Preventing Crawling And Spam


All the leading search engines use crawlers to find out pages for their algorithmic search results. Pages that are linked from other search engine indexed pages do not need to be submitted because they are found automatically. Some search engines like Yahoo! operate a paid submission service that guarantee crawling for either a set fee or cost per click. These types of programs usually guarantee inclusion in the database, but do not guarantee specific ranking within the search results. Therefore yahoos program has been criticized by advertisers and competitors. Two major directories, the Yahoo Directory and the open directory project need manual submission and human editorial review.
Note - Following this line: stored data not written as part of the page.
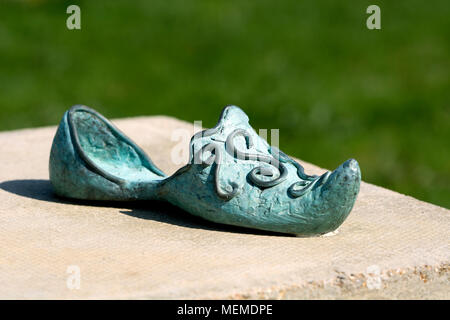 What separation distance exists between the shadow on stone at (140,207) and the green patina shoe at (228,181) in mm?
51

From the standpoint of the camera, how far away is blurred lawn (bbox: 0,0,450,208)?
6.02 m

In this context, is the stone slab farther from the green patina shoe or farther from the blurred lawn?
the blurred lawn

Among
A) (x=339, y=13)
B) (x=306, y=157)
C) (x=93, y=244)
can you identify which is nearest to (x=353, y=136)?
(x=306, y=157)

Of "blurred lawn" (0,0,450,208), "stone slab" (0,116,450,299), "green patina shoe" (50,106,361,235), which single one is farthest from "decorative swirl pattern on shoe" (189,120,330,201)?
"blurred lawn" (0,0,450,208)

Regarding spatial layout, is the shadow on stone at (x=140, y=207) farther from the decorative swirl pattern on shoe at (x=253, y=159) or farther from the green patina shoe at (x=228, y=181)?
the decorative swirl pattern on shoe at (x=253, y=159)

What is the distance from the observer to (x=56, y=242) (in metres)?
3.07

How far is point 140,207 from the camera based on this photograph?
11.3 feet

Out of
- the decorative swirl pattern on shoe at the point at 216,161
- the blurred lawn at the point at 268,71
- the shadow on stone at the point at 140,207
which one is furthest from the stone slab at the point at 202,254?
the blurred lawn at the point at 268,71

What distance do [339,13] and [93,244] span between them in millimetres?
5302

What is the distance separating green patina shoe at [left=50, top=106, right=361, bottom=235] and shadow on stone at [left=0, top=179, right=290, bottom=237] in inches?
2.0

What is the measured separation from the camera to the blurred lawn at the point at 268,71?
19.7 feet

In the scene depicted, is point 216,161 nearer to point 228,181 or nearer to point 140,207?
point 228,181

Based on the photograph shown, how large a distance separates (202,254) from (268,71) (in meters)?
4.15

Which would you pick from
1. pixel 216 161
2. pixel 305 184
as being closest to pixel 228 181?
pixel 216 161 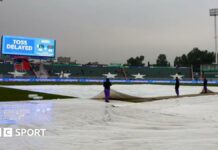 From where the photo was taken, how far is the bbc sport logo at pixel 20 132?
7.51 meters

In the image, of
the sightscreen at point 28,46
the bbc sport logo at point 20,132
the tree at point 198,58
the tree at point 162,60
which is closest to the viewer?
the bbc sport logo at point 20,132

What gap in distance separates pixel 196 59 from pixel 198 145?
5614 inches

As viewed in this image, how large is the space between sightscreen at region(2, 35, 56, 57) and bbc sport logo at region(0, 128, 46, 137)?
2111 inches

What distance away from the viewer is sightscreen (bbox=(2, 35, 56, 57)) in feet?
194

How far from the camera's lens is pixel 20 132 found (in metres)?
7.86

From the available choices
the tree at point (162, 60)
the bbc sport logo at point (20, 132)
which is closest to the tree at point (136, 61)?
the tree at point (162, 60)

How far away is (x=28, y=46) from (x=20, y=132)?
54.8 meters

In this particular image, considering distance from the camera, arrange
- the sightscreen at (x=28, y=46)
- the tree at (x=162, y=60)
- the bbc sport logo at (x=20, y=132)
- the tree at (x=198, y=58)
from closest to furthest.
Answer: the bbc sport logo at (x=20, y=132) → the sightscreen at (x=28, y=46) → the tree at (x=198, y=58) → the tree at (x=162, y=60)

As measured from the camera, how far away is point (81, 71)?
8400cm

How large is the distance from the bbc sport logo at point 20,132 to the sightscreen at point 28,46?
176ft

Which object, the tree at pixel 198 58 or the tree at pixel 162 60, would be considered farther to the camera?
the tree at pixel 162 60

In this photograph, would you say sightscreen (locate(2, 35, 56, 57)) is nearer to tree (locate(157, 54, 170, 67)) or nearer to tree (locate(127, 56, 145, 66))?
tree (locate(127, 56, 145, 66))

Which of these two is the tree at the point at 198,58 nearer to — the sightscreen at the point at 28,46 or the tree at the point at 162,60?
the tree at the point at 162,60

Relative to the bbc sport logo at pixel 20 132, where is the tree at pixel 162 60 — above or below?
above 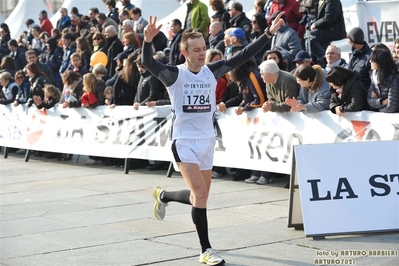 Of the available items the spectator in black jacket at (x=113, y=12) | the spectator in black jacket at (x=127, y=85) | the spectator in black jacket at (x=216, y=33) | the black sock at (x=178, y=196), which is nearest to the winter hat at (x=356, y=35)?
Result: the spectator in black jacket at (x=216, y=33)

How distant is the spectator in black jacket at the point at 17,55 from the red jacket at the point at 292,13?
28.3ft

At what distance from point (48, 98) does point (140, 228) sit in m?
7.38

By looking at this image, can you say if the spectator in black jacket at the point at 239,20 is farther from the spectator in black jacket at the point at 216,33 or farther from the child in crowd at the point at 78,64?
the child in crowd at the point at 78,64

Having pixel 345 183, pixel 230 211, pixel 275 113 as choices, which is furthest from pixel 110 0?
pixel 345 183

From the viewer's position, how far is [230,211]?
966 centimetres

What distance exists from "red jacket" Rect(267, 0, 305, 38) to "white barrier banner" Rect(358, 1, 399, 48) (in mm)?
1197

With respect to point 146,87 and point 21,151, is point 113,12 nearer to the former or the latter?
point 21,151

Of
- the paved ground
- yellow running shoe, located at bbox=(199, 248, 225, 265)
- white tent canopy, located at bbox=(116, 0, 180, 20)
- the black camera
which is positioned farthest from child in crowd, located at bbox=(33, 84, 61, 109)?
yellow running shoe, located at bbox=(199, 248, 225, 265)

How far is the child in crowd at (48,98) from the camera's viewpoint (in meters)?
15.4

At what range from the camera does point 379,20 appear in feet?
41.8

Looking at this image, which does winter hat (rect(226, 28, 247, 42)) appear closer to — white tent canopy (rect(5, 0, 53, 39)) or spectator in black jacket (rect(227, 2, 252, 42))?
spectator in black jacket (rect(227, 2, 252, 42))

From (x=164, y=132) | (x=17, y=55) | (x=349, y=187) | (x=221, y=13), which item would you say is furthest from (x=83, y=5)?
(x=349, y=187)

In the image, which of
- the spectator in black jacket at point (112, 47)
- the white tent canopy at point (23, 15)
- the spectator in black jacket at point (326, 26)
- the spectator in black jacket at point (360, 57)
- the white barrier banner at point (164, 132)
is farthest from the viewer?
the white tent canopy at point (23, 15)

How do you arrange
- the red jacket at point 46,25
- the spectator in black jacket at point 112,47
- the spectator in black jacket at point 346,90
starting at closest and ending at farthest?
the spectator in black jacket at point 346,90
the spectator in black jacket at point 112,47
the red jacket at point 46,25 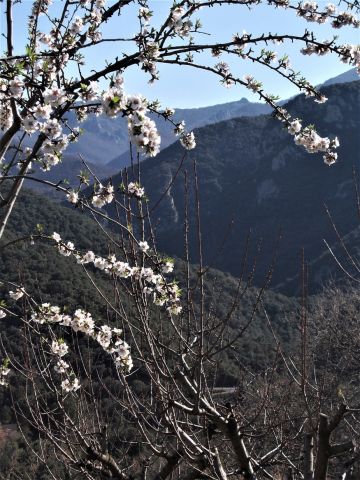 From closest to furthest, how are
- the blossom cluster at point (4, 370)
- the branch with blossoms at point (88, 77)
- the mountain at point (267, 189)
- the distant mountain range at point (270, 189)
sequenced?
the branch with blossoms at point (88, 77), the blossom cluster at point (4, 370), the distant mountain range at point (270, 189), the mountain at point (267, 189)

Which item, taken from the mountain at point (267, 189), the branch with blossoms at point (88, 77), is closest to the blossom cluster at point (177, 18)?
the branch with blossoms at point (88, 77)

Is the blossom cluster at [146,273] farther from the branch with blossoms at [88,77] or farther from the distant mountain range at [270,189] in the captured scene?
the distant mountain range at [270,189]

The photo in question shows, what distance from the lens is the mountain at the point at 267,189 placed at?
302 feet

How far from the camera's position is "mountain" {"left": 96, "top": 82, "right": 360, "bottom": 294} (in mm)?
91938

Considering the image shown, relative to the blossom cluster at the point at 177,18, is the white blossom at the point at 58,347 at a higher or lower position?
lower

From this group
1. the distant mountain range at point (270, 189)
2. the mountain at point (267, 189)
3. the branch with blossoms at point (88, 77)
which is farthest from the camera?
the mountain at point (267, 189)

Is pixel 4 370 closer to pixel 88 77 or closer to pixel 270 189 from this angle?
pixel 88 77

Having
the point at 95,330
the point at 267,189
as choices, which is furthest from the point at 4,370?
the point at 267,189

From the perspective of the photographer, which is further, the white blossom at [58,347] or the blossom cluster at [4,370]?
the blossom cluster at [4,370]

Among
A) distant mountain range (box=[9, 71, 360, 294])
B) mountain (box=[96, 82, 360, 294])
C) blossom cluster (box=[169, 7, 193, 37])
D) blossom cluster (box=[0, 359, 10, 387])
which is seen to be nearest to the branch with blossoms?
blossom cluster (box=[169, 7, 193, 37])

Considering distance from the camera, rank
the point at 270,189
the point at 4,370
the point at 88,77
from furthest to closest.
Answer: the point at 270,189 → the point at 4,370 → the point at 88,77

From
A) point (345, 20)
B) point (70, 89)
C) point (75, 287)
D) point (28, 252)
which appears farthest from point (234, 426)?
point (28, 252)

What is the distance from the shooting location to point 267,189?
112 meters

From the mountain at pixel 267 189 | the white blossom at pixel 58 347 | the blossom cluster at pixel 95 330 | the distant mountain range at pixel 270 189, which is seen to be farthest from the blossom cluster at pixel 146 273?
the mountain at pixel 267 189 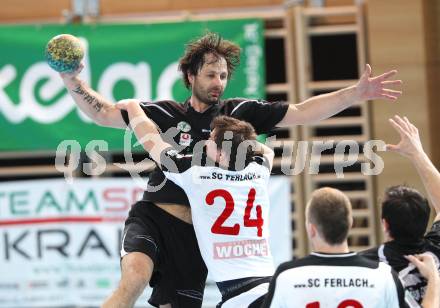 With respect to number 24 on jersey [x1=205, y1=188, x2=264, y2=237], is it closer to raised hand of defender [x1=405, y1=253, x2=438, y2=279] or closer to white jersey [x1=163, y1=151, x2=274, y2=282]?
white jersey [x1=163, y1=151, x2=274, y2=282]

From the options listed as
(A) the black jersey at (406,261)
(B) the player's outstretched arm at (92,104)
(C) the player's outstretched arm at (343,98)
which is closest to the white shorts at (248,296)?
(A) the black jersey at (406,261)

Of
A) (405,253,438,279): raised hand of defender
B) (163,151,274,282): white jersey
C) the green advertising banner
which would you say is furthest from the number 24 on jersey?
the green advertising banner

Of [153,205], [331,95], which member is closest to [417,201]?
[331,95]

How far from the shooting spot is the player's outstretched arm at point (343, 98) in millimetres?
5551

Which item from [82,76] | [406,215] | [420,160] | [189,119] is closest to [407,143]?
[420,160]

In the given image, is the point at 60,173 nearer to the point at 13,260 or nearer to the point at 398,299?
the point at 13,260

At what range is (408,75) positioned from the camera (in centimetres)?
1018

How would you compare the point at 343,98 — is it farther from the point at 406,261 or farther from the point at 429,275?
the point at 429,275

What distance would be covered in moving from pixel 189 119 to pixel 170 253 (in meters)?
0.87

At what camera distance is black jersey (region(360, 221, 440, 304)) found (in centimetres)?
435

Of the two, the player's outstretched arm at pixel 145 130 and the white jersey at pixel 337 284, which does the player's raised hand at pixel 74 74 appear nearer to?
the player's outstretched arm at pixel 145 130

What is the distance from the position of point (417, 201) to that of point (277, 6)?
663 cm

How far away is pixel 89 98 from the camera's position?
5762 mm

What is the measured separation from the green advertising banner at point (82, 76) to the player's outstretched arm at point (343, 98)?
14.9 feet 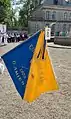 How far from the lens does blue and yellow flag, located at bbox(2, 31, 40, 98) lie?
5.56 m

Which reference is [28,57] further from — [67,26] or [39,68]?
[67,26]

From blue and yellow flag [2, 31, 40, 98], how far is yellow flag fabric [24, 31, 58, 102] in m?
0.07

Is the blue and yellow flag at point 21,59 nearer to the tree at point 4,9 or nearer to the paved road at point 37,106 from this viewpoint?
the paved road at point 37,106

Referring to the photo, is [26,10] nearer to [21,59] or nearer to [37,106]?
[37,106]

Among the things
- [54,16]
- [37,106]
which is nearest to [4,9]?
[54,16]

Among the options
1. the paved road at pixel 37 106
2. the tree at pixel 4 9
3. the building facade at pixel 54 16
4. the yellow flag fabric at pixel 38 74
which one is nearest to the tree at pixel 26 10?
the building facade at pixel 54 16

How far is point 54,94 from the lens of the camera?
30.5 feet

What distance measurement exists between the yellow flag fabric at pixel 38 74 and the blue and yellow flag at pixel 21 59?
0.23ft

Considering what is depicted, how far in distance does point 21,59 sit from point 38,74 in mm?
392

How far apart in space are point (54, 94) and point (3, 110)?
2146 millimetres

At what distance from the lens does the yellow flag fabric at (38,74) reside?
563 cm

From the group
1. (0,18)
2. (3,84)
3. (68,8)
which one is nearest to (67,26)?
(68,8)

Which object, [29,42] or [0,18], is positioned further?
[0,18]

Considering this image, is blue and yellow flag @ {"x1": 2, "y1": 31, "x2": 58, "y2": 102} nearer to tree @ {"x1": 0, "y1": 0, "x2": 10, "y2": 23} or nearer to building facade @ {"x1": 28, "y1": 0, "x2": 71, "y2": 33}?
tree @ {"x1": 0, "y1": 0, "x2": 10, "y2": 23} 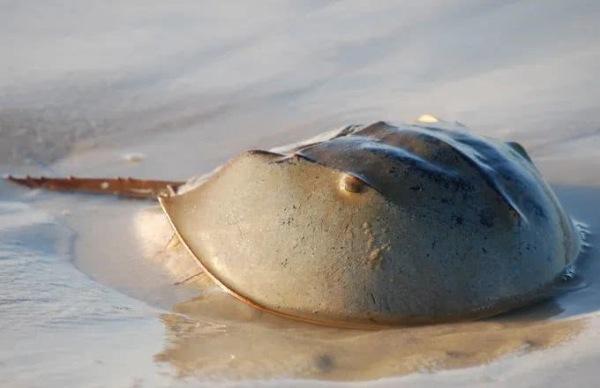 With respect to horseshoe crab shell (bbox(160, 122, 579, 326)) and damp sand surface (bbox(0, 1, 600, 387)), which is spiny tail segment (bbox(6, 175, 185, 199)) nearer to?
damp sand surface (bbox(0, 1, 600, 387))

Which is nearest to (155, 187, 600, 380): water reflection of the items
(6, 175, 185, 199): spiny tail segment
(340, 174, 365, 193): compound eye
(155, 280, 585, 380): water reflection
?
(155, 280, 585, 380): water reflection

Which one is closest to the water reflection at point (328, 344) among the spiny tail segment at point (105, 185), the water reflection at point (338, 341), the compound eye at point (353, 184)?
the water reflection at point (338, 341)

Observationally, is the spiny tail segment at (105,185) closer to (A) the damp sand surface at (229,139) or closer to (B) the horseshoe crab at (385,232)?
(A) the damp sand surface at (229,139)

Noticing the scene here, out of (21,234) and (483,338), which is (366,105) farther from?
(483,338)

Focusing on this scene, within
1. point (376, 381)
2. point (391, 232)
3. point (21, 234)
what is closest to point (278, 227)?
point (391, 232)

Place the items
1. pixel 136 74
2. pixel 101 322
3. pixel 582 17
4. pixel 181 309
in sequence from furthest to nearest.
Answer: pixel 582 17, pixel 136 74, pixel 181 309, pixel 101 322

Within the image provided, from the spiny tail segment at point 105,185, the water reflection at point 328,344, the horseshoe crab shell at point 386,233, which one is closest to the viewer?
the water reflection at point 328,344

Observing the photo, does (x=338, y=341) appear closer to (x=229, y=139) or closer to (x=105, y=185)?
(x=105, y=185)
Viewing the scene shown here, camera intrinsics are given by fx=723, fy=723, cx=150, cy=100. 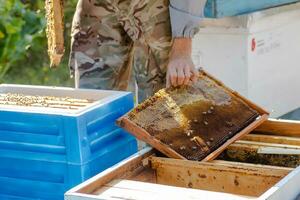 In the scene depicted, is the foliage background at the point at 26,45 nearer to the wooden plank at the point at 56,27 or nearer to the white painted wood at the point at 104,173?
the wooden plank at the point at 56,27

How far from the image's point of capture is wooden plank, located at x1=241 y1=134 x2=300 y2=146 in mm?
2490

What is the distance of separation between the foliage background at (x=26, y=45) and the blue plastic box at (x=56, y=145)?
9.08 feet

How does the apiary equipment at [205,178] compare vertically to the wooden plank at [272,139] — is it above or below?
below

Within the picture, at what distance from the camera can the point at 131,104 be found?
257 centimetres

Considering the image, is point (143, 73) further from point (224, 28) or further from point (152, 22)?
point (224, 28)

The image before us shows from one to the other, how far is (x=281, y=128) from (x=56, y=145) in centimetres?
82

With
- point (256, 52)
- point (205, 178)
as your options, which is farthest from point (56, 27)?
point (256, 52)

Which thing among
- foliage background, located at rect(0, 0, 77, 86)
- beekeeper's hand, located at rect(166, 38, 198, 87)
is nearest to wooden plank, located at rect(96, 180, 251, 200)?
beekeeper's hand, located at rect(166, 38, 198, 87)

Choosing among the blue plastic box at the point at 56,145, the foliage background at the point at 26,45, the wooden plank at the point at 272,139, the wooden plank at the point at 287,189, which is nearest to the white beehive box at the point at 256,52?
the wooden plank at the point at 272,139

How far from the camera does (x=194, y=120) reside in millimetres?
2525

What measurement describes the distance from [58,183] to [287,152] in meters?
0.76

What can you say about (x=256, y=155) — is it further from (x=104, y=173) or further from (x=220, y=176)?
(x=104, y=173)

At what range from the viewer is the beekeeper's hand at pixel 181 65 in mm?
2557

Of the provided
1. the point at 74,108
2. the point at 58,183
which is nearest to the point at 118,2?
the point at 74,108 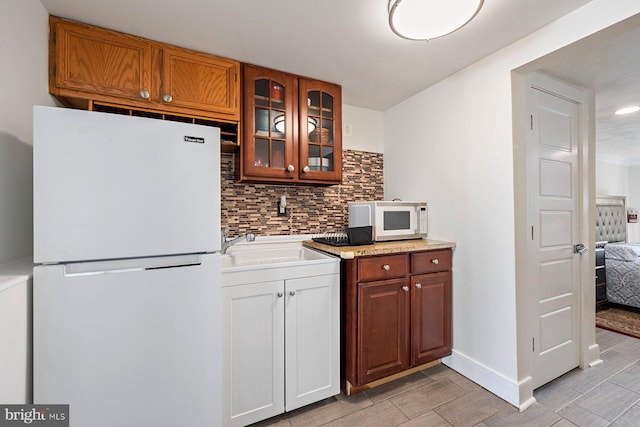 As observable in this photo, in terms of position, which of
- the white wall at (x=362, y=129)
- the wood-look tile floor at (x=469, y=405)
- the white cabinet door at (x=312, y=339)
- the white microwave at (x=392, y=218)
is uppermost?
the white wall at (x=362, y=129)

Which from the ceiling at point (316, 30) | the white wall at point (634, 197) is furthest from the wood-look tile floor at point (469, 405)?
the white wall at point (634, 197)

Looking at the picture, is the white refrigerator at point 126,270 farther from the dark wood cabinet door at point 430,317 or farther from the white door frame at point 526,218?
the white door frame at point 526,218

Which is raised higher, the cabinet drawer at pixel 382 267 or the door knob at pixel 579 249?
the door knob at pixel 579 249

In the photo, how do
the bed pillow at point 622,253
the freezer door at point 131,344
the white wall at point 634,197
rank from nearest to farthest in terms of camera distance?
the freezer door at point 131,344, the bed pillow at point 622,253, the white wall at point 634,197

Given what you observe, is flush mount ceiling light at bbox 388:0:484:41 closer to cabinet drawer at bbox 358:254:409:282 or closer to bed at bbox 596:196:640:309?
cabinet drawer at bbox 358:254:409:282

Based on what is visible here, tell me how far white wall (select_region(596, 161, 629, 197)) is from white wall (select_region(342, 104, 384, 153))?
499 centimetres

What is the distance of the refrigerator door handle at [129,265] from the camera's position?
105cm

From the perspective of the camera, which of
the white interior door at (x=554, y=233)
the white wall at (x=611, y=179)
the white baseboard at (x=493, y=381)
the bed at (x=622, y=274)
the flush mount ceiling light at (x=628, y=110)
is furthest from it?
the white wall at (x=611, y=179)

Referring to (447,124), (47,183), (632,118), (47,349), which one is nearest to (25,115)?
(47,183)

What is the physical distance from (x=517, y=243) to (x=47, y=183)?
7.80ft

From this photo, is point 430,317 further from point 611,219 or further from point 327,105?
point 611,219

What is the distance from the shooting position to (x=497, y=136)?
1723 millimetres

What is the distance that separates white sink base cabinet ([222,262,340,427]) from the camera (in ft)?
4.63

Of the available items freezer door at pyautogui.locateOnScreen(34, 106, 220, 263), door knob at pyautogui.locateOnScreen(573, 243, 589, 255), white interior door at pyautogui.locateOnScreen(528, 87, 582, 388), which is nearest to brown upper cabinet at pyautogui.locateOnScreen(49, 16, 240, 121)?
freezer door at pyautogui.locateOnScreen(34, 106, 220, 263) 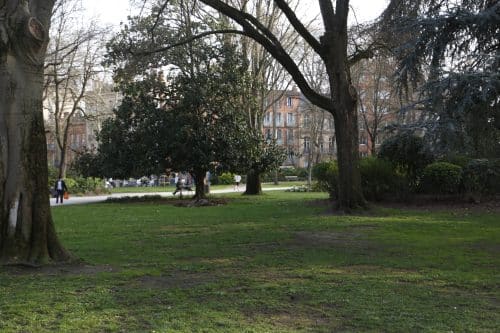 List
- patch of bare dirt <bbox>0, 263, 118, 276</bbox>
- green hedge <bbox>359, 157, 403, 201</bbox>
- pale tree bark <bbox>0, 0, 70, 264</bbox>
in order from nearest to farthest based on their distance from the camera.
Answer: patch of bare dirt <bbox>0, 263, 118, 276</bbox>, pale tree bark <bbox>0, 0, 70, 264</bbox>, green hedge <bbox>359, 157, 403, 201</bbox>

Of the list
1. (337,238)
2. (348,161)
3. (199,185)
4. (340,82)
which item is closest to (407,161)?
(348,161)

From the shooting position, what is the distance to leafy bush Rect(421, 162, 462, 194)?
2070 cm

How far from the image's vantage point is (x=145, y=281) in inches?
296

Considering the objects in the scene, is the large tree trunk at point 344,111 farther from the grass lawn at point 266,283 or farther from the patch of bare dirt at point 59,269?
the patch of bare dirt at point 59,269

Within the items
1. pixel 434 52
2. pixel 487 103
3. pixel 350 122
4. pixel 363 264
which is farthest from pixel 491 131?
pixel 350 122

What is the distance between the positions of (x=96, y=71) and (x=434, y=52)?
120ft

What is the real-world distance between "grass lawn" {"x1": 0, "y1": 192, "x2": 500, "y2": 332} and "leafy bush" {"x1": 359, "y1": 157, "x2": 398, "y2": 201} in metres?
8.46

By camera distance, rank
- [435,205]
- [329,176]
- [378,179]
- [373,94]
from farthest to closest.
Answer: [373,94] → [329,176] → [378,179] → [435,205]

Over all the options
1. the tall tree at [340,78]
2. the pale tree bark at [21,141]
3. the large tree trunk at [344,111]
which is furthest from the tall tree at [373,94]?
the pale tree bark at [21,141]

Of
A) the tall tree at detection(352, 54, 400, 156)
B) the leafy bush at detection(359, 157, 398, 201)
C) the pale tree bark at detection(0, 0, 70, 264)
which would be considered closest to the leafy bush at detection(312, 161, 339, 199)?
the leafy bush at detection(359, 157, 398, 201)

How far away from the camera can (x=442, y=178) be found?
20.9m

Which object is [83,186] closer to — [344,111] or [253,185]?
[253,185]

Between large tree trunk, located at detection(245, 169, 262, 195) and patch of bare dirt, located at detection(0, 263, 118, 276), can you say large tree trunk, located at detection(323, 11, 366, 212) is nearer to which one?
patch of bare dirt, located at detection(0, 263, 118, 276)

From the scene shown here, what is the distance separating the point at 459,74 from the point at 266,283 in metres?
4.19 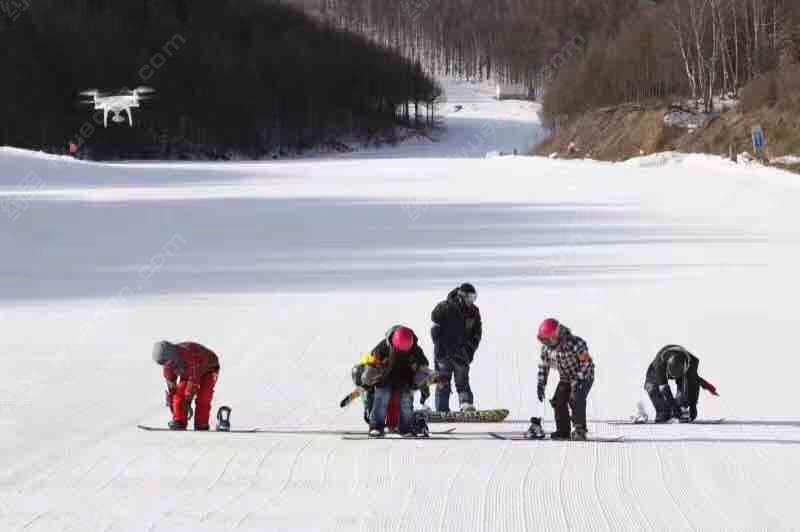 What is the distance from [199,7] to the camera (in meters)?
141

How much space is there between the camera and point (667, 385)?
10336 millimetres

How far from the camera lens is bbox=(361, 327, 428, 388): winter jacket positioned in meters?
9.54

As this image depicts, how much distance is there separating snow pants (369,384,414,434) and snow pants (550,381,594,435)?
3.70ft

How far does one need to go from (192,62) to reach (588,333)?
104m

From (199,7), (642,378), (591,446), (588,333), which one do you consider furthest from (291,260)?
(199,7)

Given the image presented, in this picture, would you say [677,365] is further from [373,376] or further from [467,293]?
[373,376]

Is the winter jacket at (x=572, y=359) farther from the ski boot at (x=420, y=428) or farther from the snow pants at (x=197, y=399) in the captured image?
the snow pants at (x=197, y=399)

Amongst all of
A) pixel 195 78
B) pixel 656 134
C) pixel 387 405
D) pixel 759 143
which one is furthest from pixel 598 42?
pixel 387 405

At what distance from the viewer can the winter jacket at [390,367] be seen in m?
9.54

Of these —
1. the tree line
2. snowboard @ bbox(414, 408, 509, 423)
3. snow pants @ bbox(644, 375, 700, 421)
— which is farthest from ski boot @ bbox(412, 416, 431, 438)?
the tree line

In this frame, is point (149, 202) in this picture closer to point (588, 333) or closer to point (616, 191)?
point (616, 191)

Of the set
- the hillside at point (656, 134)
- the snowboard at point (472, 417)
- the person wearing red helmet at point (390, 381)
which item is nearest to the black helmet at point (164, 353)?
the person wearing red helmet at point (390, 381)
Google offers Google Webmaster Tool, for which an XML Sitemap feed can be created and submitted for free to ensure that all pages are found, especially pages that aren’t discoverable by automatically following links. Search engine crawlers take many other things into its consideration while crawling a site. Not every page is indexed by the search engines. Distance of pages from the root directory of a site may also be a factor in whether or not pages get crawled. To avoid undesirable content in the search indexes, webmasters can instruct spiders not to crawl certain files or directories through the standard file in the root directory of the domain. Additionally, a page can be explicitly excluded from a search engine’s database by using a mete tag specific to robots. When a search engine visits a site, the located in the root directory is the first file crawled. The file is then parsed, and will instruct the robot as to which pages are not to be crawled. As a search engine crawler may keep a cached copy of this file, it may on occasion crawl pages a webmaster does not wish crawled. Pages typically prevented from being crawled include login specific pages such as shopping carts and user-specific content such as search results from internal searches.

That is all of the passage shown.